My source is SQL Server and I am using SSIS to export data to S3 Buckets, but now my requirement is to send files as parquet File formate.
Can you guys give some clues on how to achieve this?
Thanks, Ven
Advertisement
Answer
For folks stumbling on this answer, Apache Parquet is a project that specifies a columnar file format employed by Hadoop and other Apache projects.
Unless you find a custom component or write some .NET code to do it, you’re not going to be able to export data from SQL Server to a Parquet file. KingswaySoft’s SSIS Big Data Components might offer one such custom component, but I’ve got no familiarity.
If you were exporting to Azure, you’d have two options:
Use the Flexible File Destination component (part of the Azure feature pack), which exports to a Parquet file hosted in Azure Blob or Data Lake Gen2 storage.
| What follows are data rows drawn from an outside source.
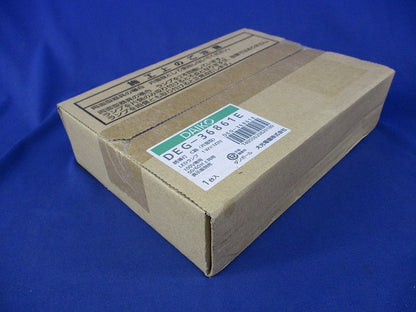 LED誘導灯 片面型 LED内蔵 パネル別売 DEG-36861E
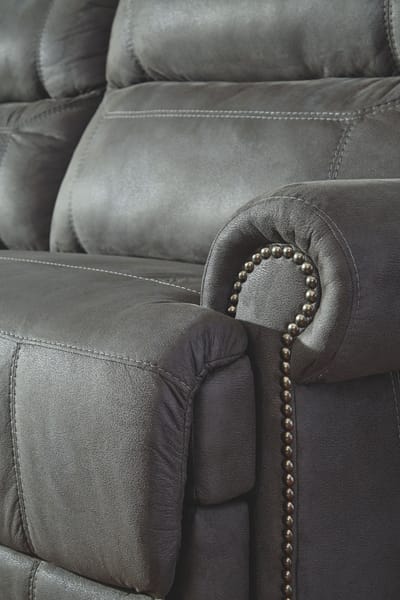 Ashley Living Room Austere Reclining Sofa 3840181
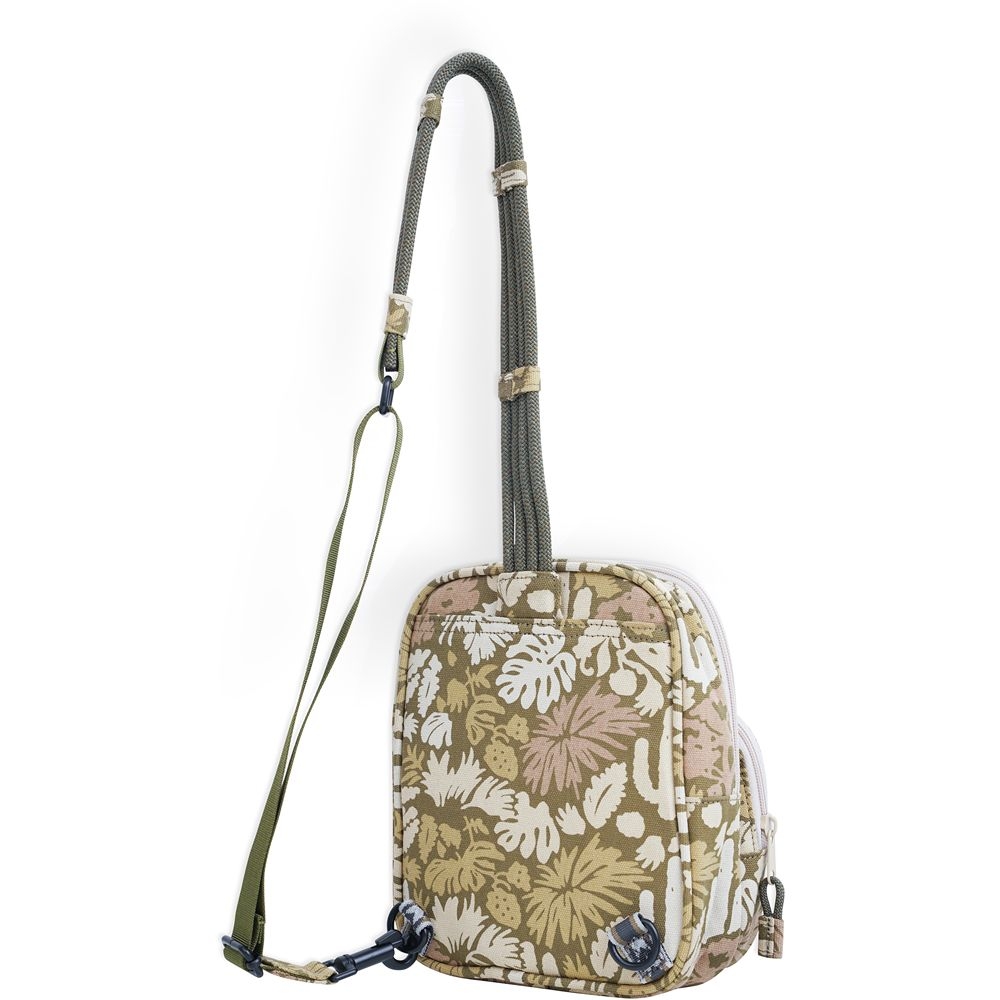 Kavu Sling Sling Cactus Garden 9554-2845 tassen online bestellen bij Kathmandu Outdoor & Travel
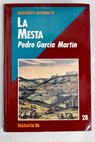 La Mesta / Pedro García Martín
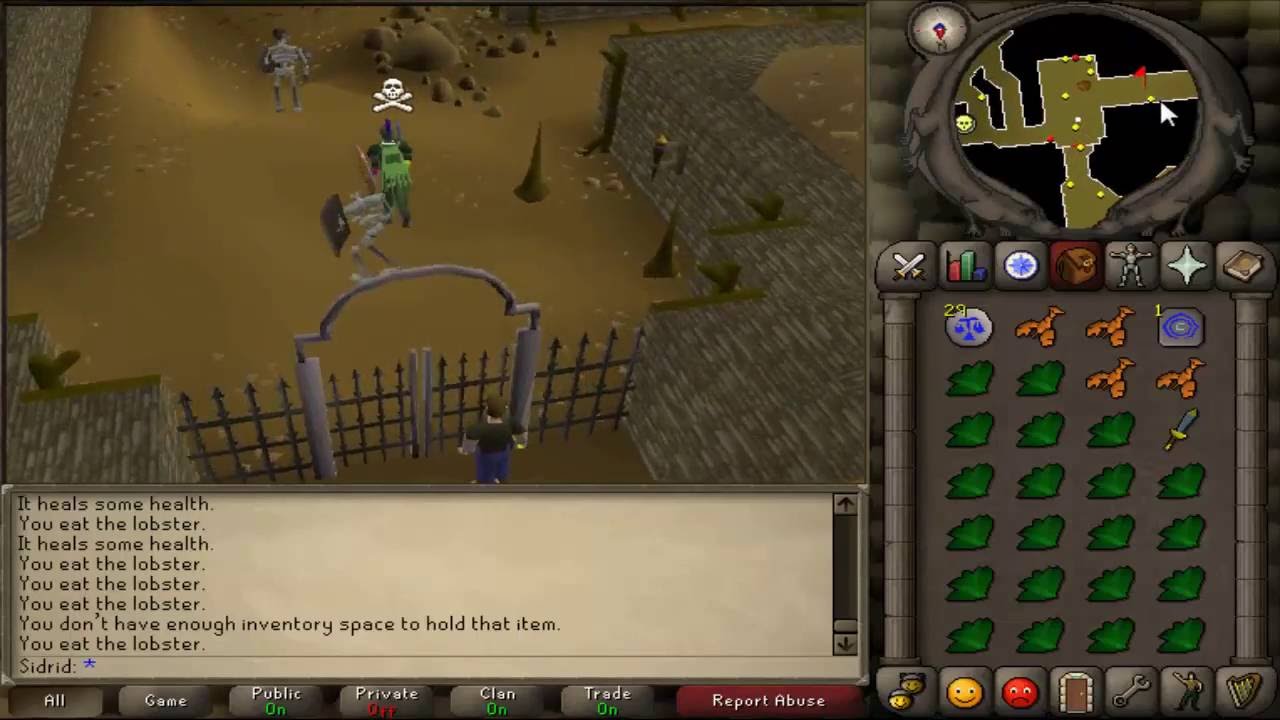 what is a good way to make money on runescape
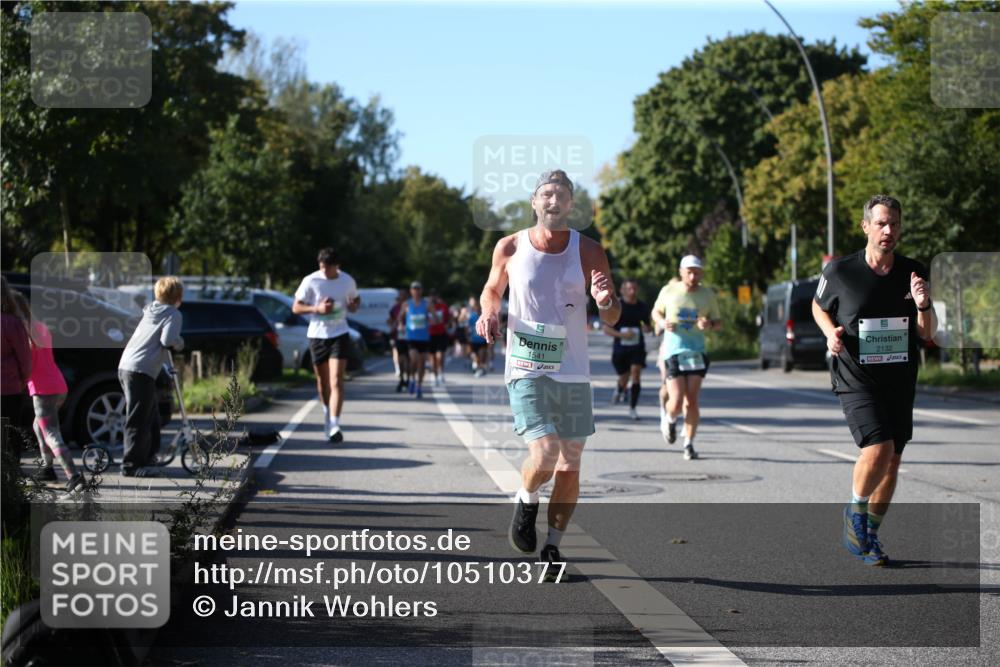 20.09.2026 - PSD Bank Halbmarathon Jannik Wohlers http://msf.ph/oto/10510377 20.09.2026 10:28:41 Laufen 1541, 2132 meine-sportfotos.de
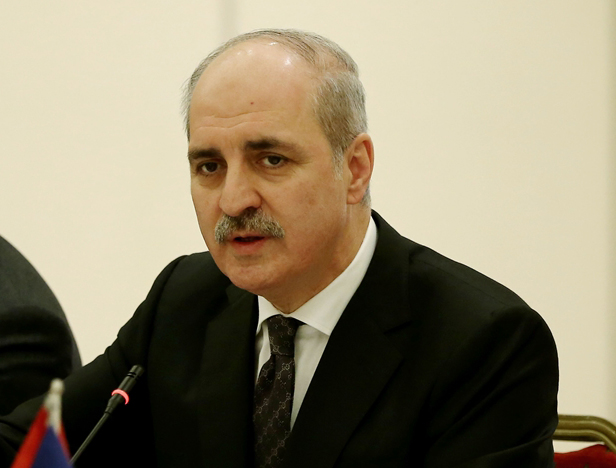 Numan Kurtulmuş açık açık söyledi! 216 firari asker suikast yapabilir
Leverage PolyBase, a SQL Server feature. It let’s you export to a Parquet file via the external table feature. However, that file has to be hosted in a location mentioned here. Unfortunately S3 isn’t an option.
If it were me, I’d move the data to S3 as a CSV file then use Athena to convert the CSV file to Pqrquet. There is a nifty article here that talks through the Athena piece:
https://www.cloudforecast.io/blog/Athena-to-transform-CSV-to-Parquet/
Net-net, you’ll need to spend a little money, get creative, switch to Azure, or do the conversion in AWS.